Roma - La burocrazia è una gramigna che infesta il podere Italia. Se infatti la complicazione rappresenta una delle più pesanti palle al piede dell'economia italiana, nell'agricoltura questo è ancora più vero. Il settore primario infatti è rimasto finora ai margini degli interventi di semplificazione. Secondo i dati di Confagricoltura, per gli imprenditori agricoli cento giorni l'anno sono bruciati a fronteggiare la potente macchina sputacarte. «Mancata semplificazione normativa, lungaggini burocratiche, bassa qualità dei servizi pubblici e onerosità degli adempimenti, controlli asfissianti e non coordinati - elenca il presidente di Confagricoltura Mario Guidi - costringono l'imprenditore a sottrarre tempo e denaro ai compiti prioritari di un'impresa. I nostri imprenditori dovrebbero impegnare tutte le loro energie, ancor più nei periodi di crisi, a fare business e ad esportare a prezzi concorrenziali, a mantenere occupazione e non a combattere con i burocrati».

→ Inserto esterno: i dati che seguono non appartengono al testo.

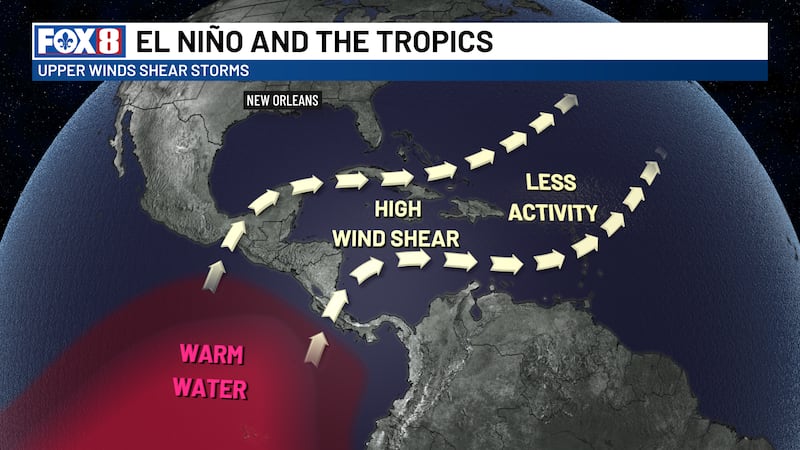 El Nino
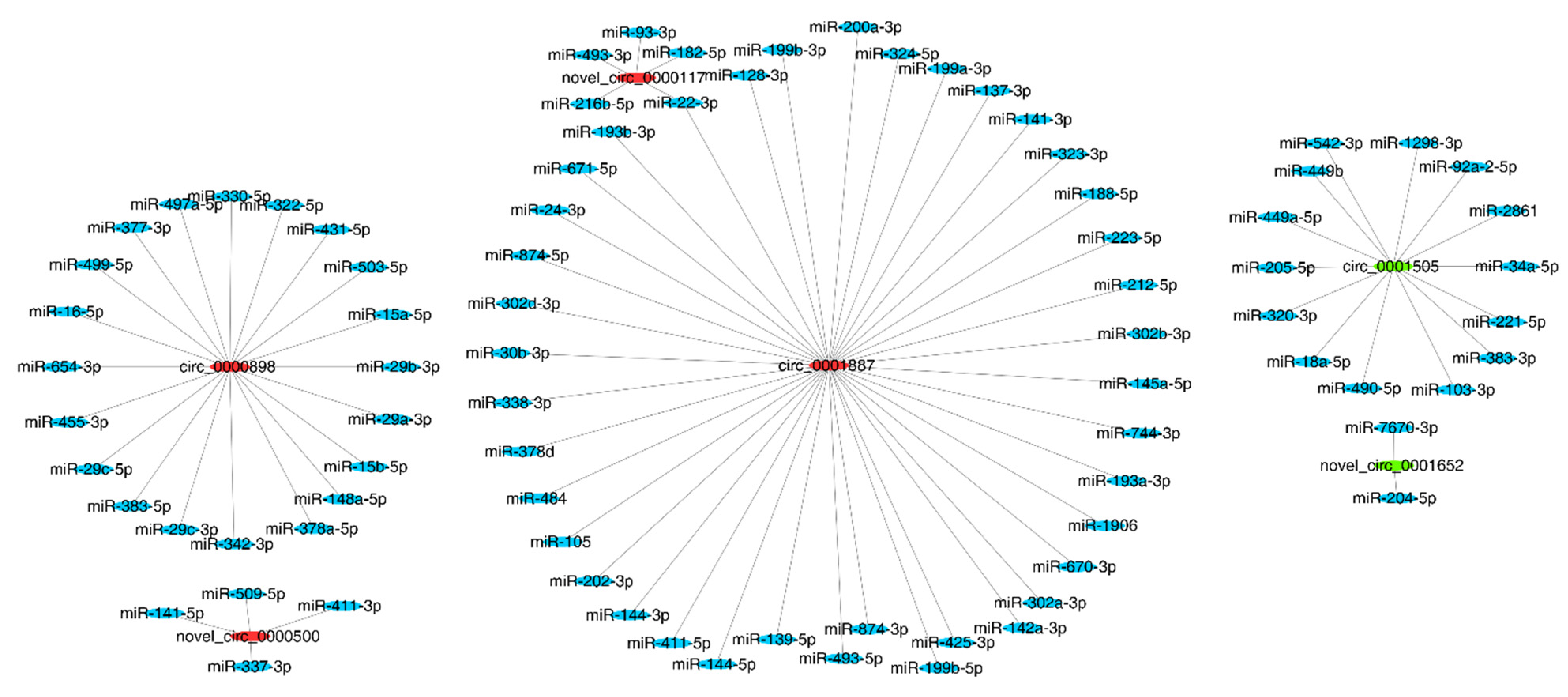 Nutrients 14 01808 g006 550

L'Academy di Confagricoltura ha raccolto alcune storie esemplari di malaburocazia applicata al settore primario. La prima è quella di Silvia Bergonzini, che ha impiegato quattro anni per la costruzione di un ricovero per gli attrezzi: 32 passaggi burocratici, 10 stop, 2 controlli, 3 cambi di dirigenti le cifre di un'odissea al termine della quale l'imprenditrice ha avuto il richiesto finanziamento (o finanzia-lento...) di 250mila euro, ma nel frattempo il 35 per cento della somma era stato eroso dai costi indiretti. La seconda storia riguarda l'acquacoltura, un settore talmente condizionato dalla burocrazia che i costi per la concessione di uno specchio d'acqua di 500mila metri quadri può variare da una regione all'altra da 2240 a 885mila euro. Per questo l'imprenditore Salvatore Puglisi Cosentino sta combattendo una battaglia dal 2004 per avere parità di condizioni rispetto ai suoi concorrenti. Sergio Ricotta arriva da Velletri (Roma) e può raccontare la felliniana vicenda dello spostamento di un ulivo da una parte all'altra della sua azienda: tra scaricabarile da un ufficio all'altro e da un ente all'altro è durata 240 giorni. E un florivivaista si è visto recapitare una multa di 100mila euro per evasione fiscale per un errato confronto tra gli inventari di due anni successivi, peraltro nemmeno rilevante ai fini fiscali, e ha dovuto perdere tre giorni di lavoro per dimostrare le sue ragioni.
Ma la vera emergenza è che diventare imprenditore agricolo è difficilissimo, malgrado sia uno dei pochi settori in crescita.